Retype exactly the lines below, starting with the line that contains "thumbnail image 3" and ending with the last line; leave out any pictures.

§ GIVEN INFORMATION
■ ■ ■ ■
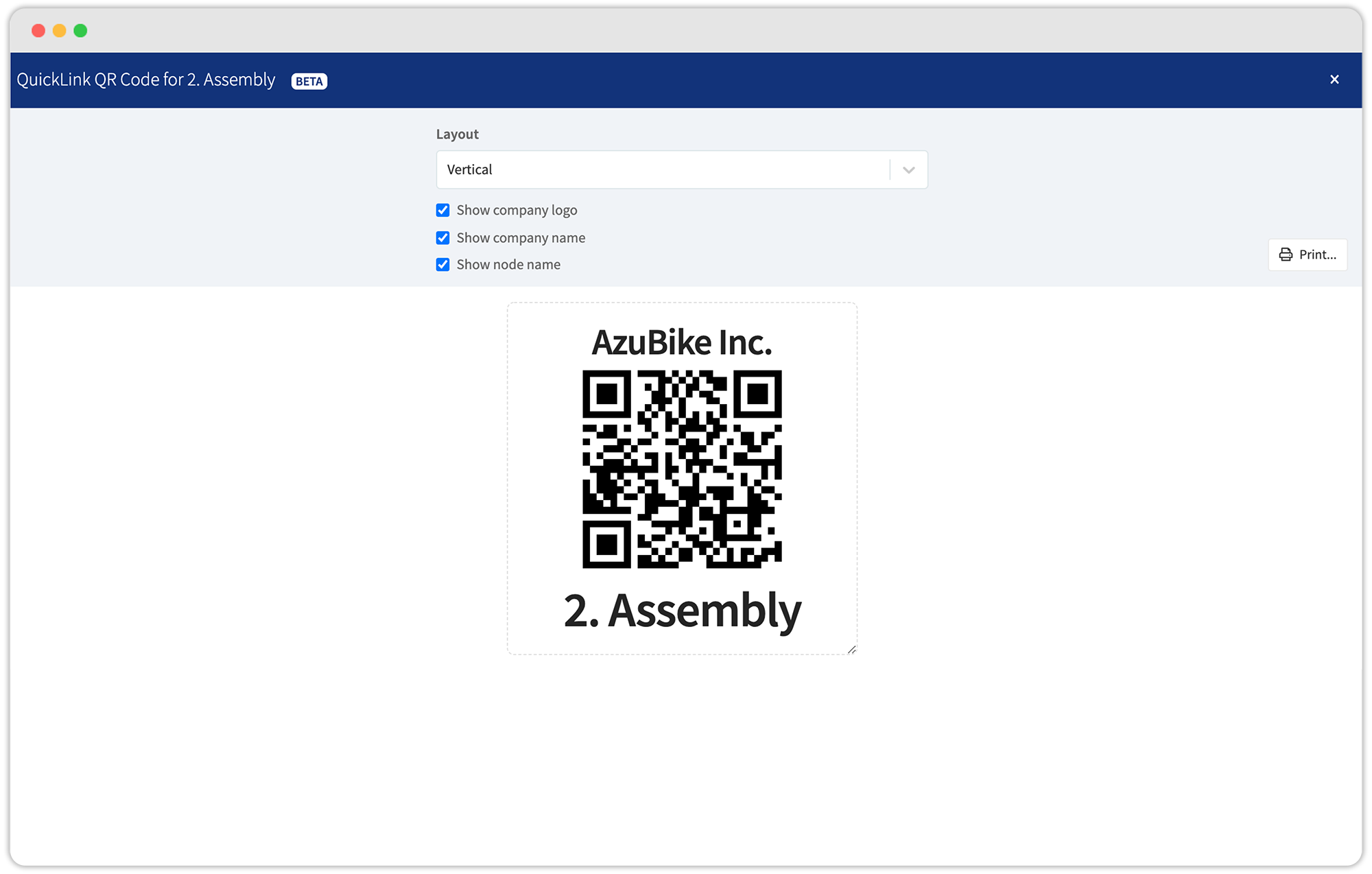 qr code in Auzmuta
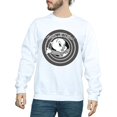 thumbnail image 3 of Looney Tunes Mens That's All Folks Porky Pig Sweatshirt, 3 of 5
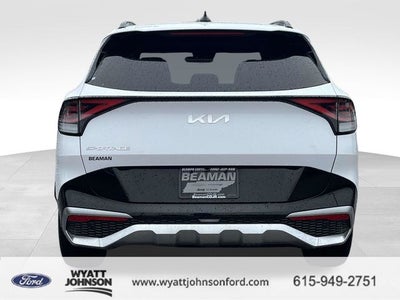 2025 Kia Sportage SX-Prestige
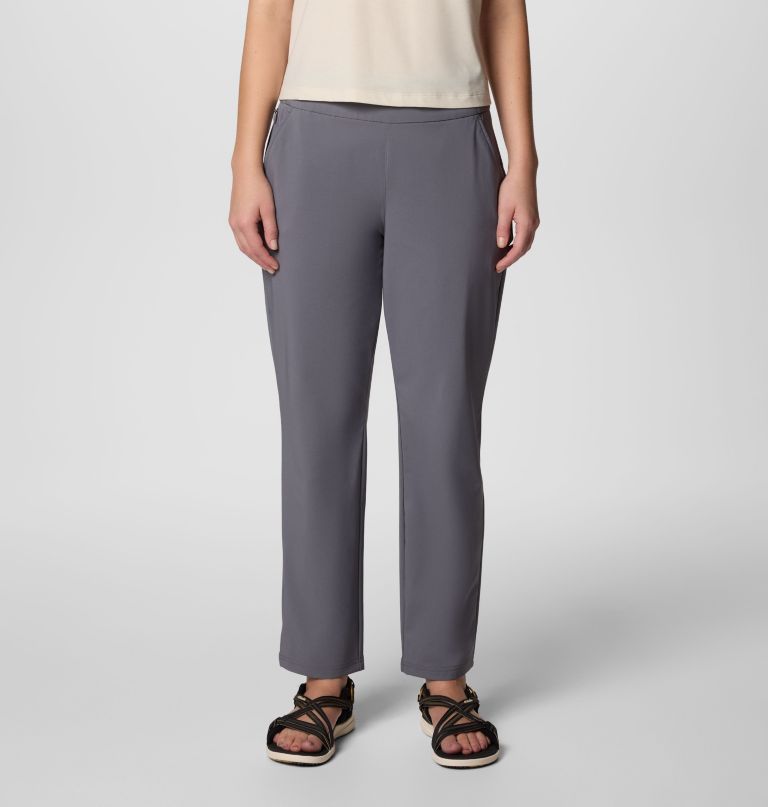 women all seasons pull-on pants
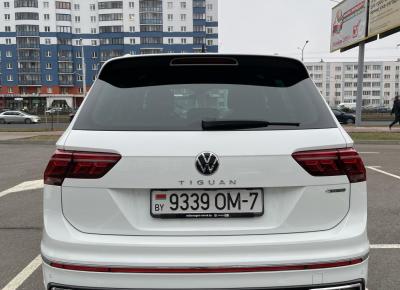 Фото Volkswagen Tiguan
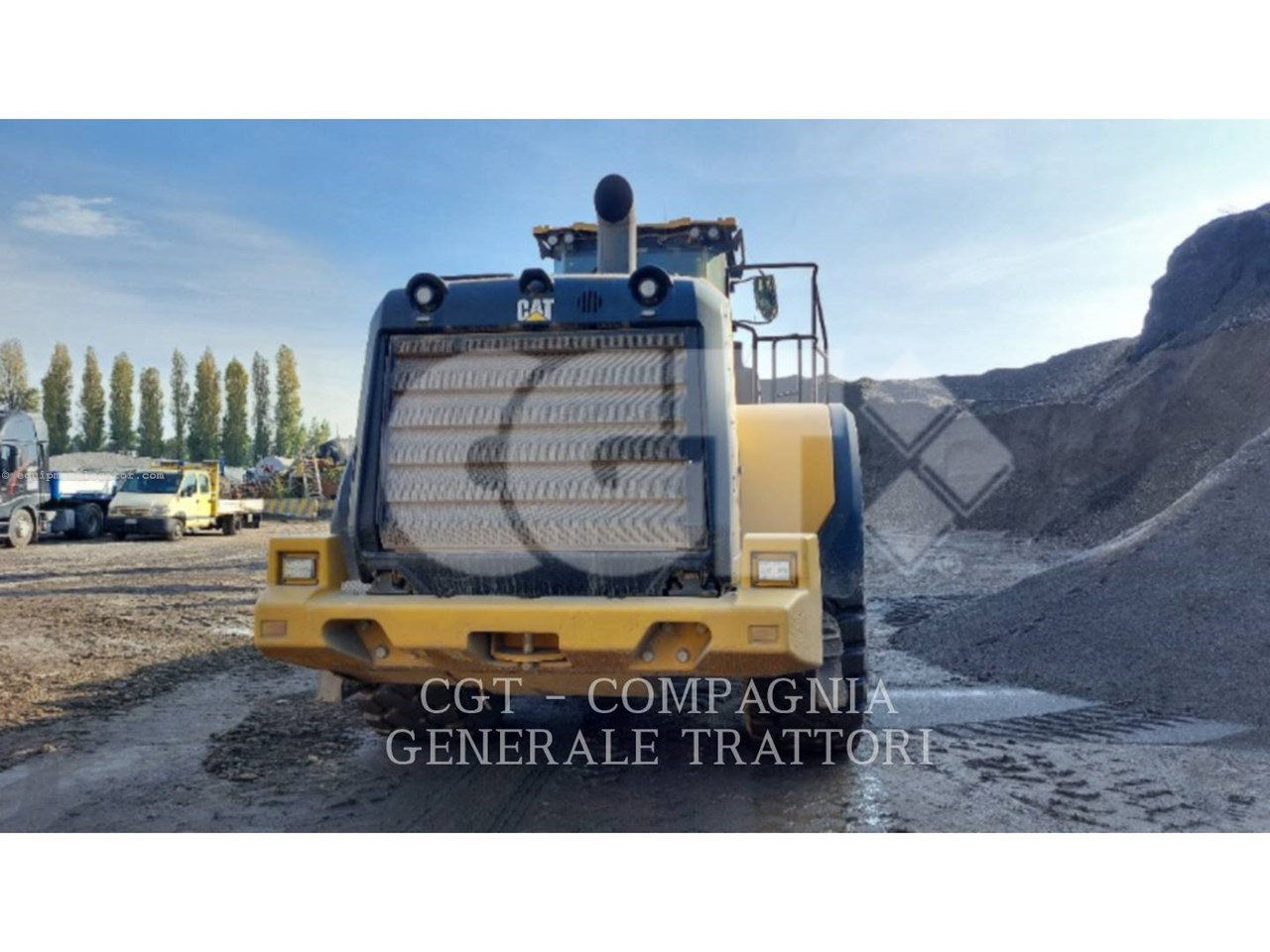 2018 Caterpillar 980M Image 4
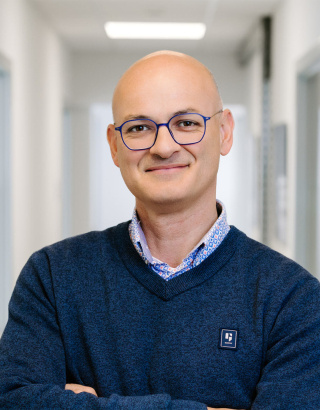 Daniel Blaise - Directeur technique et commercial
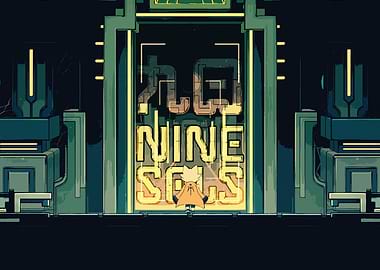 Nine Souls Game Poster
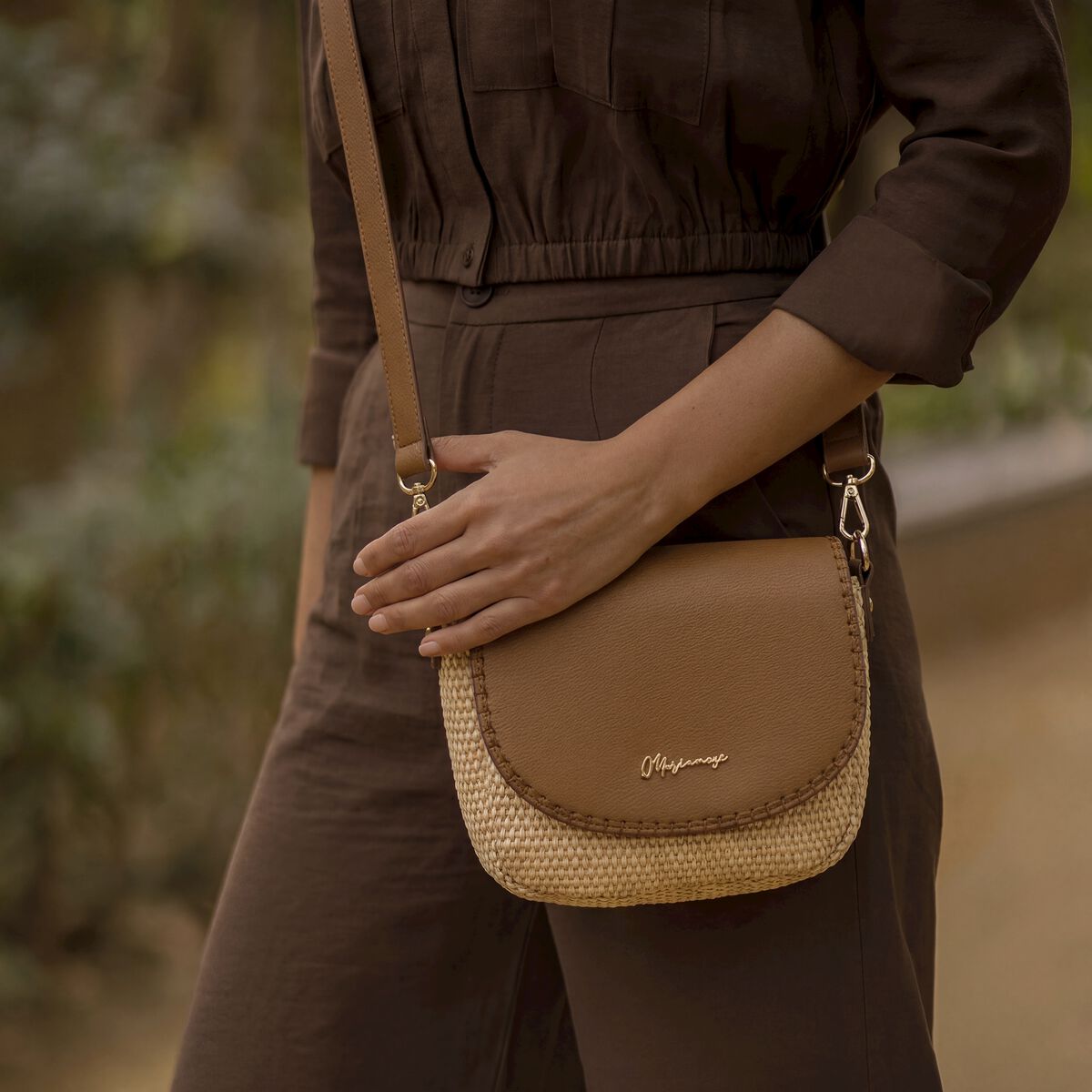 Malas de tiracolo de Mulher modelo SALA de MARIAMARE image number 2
■ ■ ■ ■
§ SOLVED EXERCISE
 thumbnail image 3 of Looney Tunes Mens That's All Folks Porky Pig Sweatshirt, 3 of 5
 2025 Kia Sportage SX-Prestige
 women all seasons pull-on pants
 Фото Volkswagen Tiguan
 2018 Caterpillar 980M Image 4
 Daniel Blaise - Directeur technique et commercial
 Nine Souls Game Poster
 Malas de tiracolo de Mulher modelo SALA de MARIAMARE image number 2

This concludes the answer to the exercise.